Em 2023, até o dia 14 de junho, um total de 147 títulos nacionais foram exibidos nos cinemas brasileiros. O número representa 37,2% do total de 395 filmes exibidos no país. Levando-se em consideração que ainda não chegamos à metade do ano, o número até o dia 31 de dezembro deve superar os 278 títulos nacionais exibidos em 2022 se a média for mantida. Os números de público e renda, entretanto, não são os mais animadores.

Enquanto o público total ultrapassa a casa dos 52 milhões, apenas 558,3 mil pessoas assistiram filmes brasileiros, o que representa 1,07% do total. No top 5 do cinema nacional, apenas dois filmes superaram a barreira dos 100 mil espectadores. Desapega (Imagem Filmes) lidera a lista com um público total de 150,5 mil pessoas e na sequência aparece Ninguém é de Ninguém (Sony) com 132,4 mil pessoas. Fecham o ranking Chef Jack - O Cozinheiro Aventureiro (Sony), com 50,8 mil pessoas; Enaldinho e o Mistério da Lagoa (Imagem Filmes), com 47,5 mil pessoas, e Nas Ondas da Fé (Imagem Filmes), com 36,1 mil ingressos.

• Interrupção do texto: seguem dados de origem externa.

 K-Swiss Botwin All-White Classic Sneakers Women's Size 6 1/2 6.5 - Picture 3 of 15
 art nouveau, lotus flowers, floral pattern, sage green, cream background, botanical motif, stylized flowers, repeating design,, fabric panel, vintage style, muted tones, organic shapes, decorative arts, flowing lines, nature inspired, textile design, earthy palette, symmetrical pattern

O cenário se torna um pouco ainda mais desanimador se fizermos uma comparação com todos os títulos exibidos nos cinemas brasileiros neste ano. Sozinho, o top 5 de filmes exibidos nos cinema brasileiros supera a casa dos 26 milhões de público - e todos eles são estrangeiros. Em ordem, os títulos são: Super Mario Bros - O Filme (Universal Pictures), com 6,3 milhões de espectadores; Velozes e Furiosos 10 (Universal Pictures), com um público de 5,6 milhões; Gato de Botas 2: O Último Pedido (Universal Pictures), com 5,2 milhões de pessoas; Avatar: O Caminho da Água (Walt Disney Studios), com 4,2 milhões de pessoas, e Guardiões da Galáxia: Volume 3 (Walt Disney Studios), com um público de 4,07 milhões.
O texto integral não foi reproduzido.